• [Recorded data]
Start of Block

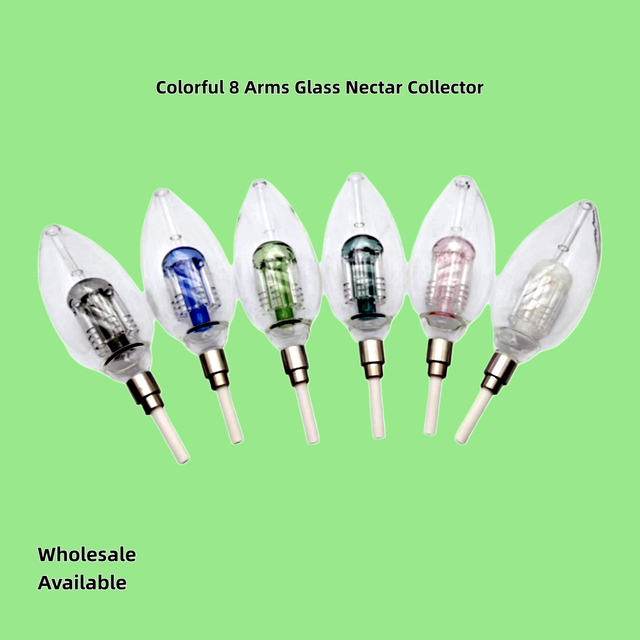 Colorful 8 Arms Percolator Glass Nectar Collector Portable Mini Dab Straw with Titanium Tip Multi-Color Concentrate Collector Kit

End of Block
Start of Block

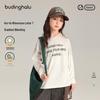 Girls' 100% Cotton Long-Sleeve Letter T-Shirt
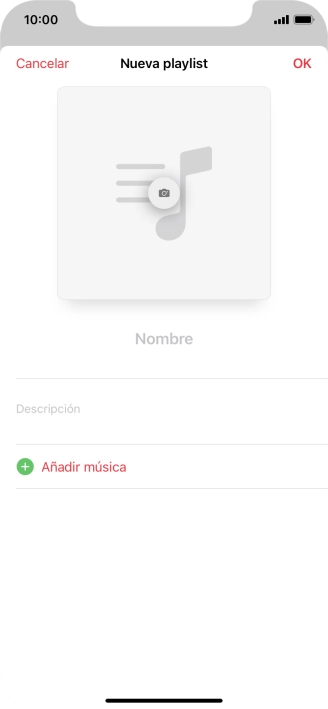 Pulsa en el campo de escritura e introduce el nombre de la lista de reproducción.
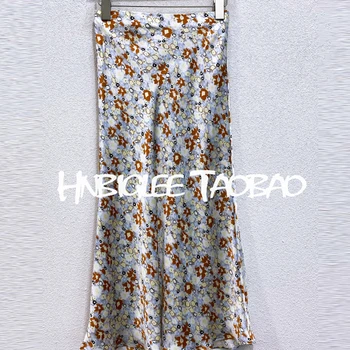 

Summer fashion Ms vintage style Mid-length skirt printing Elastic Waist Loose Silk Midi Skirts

End of Block

• [What is being asked]
Range to copy from the listing above: the line containing "Pulsa en el" down to the line containing "Summer fashion Ms", both included. Reproduce it exactly, minus the pictures, and add nothing.

• [Answer to the exercise]
 Pulsa en el campo de escritura e introduce el nombre de la lista de reproducción.

Summer fashion Ms vintage style Mid-length skirt printing Elastic Waist Loose Silk Midi Skirts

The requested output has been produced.